DRUMCONDRA VILLAGE – UPPER DRUMCONDRA ROAD
Recently a visitor asked me how does one know the difference between ‘Upper’ and ‘Lower’ and the answer is that in general the section of a street nearest a river or canal is lower while the section furthest away from the river or canal is upper.
In the old days the better off people would live at the upper end of the street to avoid the smell of the water and also in order to avoid flooding. The exception is Mount Street Lower and Mount Street Upper as they are parallel but it could be argued the the lower street is closer to the river Liffey if the Grand Canal is not the reference.

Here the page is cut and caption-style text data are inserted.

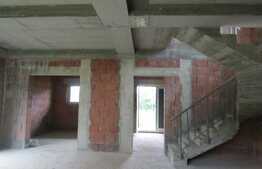 De vanzare casa individuala, 150 mp, teren 520 mp, zona linistita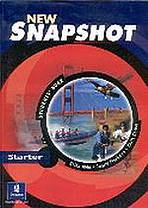 New Snapshot Starter Student´s Book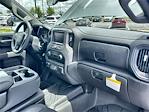 New 2025 Chevrolet Silverado 1500 Custom Crew Cab 4WD Pickup for sale #338097 - photo 17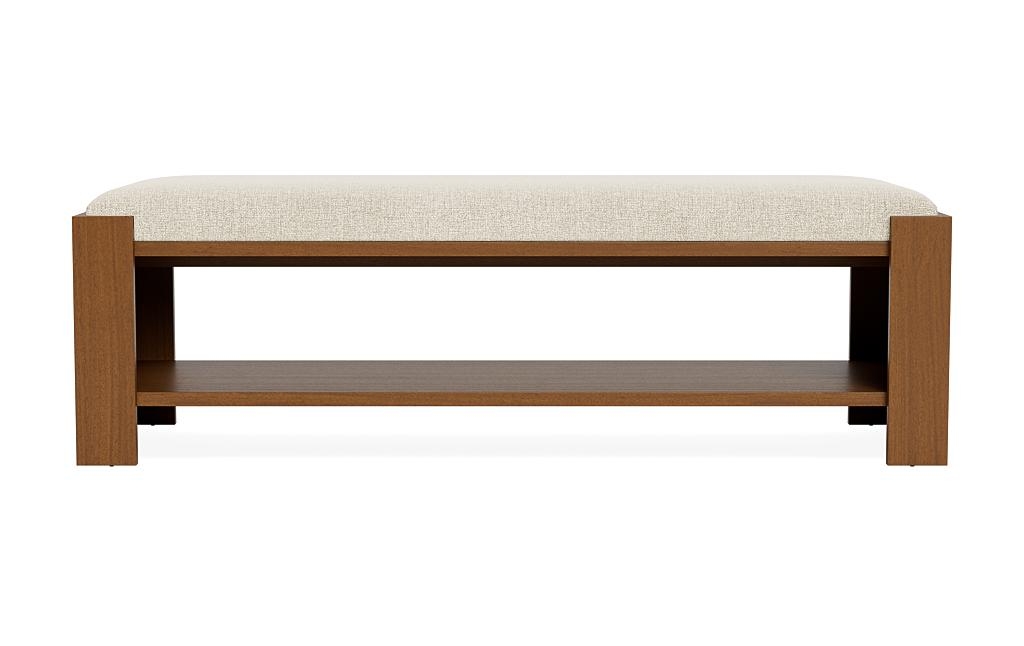 Reeve Bench - Image 0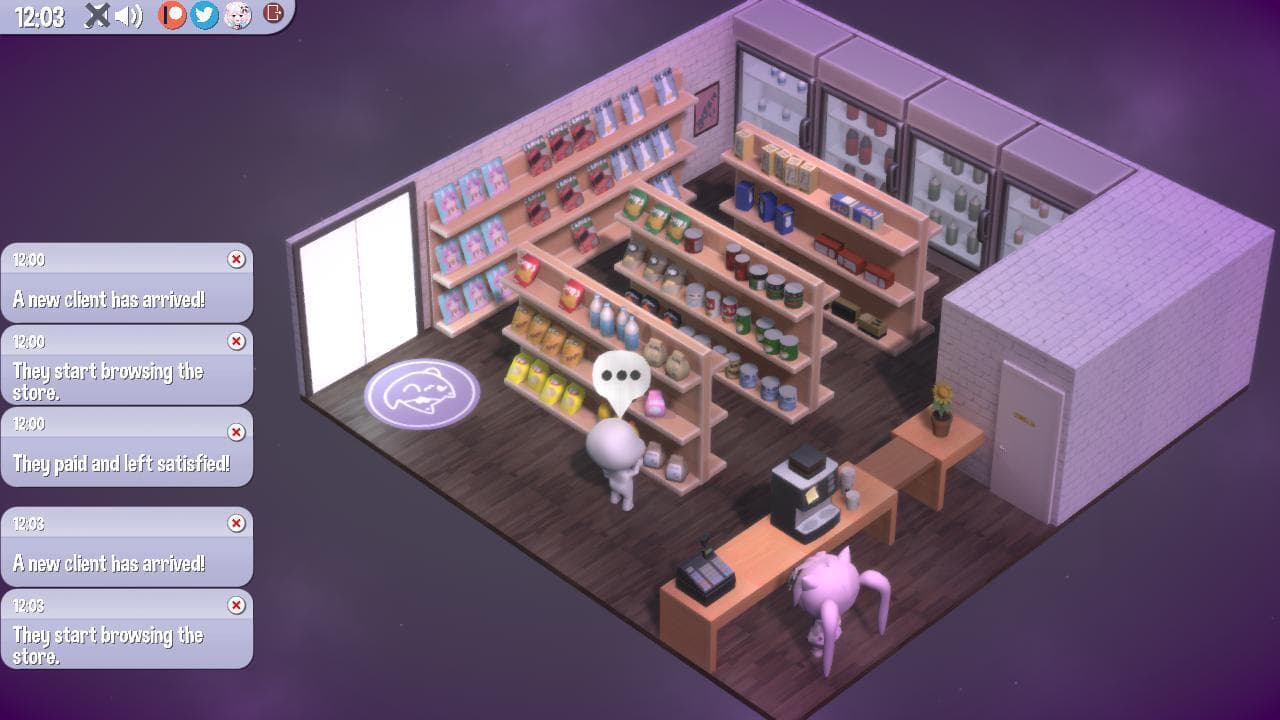 The conveNYANce store screenshot 3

In the 1980s I lived in Drumcondra for about five years and I really liked the area. However, I cannot remember any area being described as Drumcondra Village but there is now a sign that welcomes visitors to Drumcondra Village so my memory must be failing.
According to Wikipedia the village of Drumcondra was the central area of the Parish of Clonturk, and the two names were used equally for the religious and civil parishes, but the new suburban district of Drumcondra now also encompasses the old Parish of St. Mary.
The Cat and Cage Pub on the Drumcondra Road was the site of an old postal stop and the point at which rebels, during the 1798 rebellion, seized a postal cart in order to signal to others in north County Dublin to revolt. The Cat and Cage is located at the corner of Church Avenue.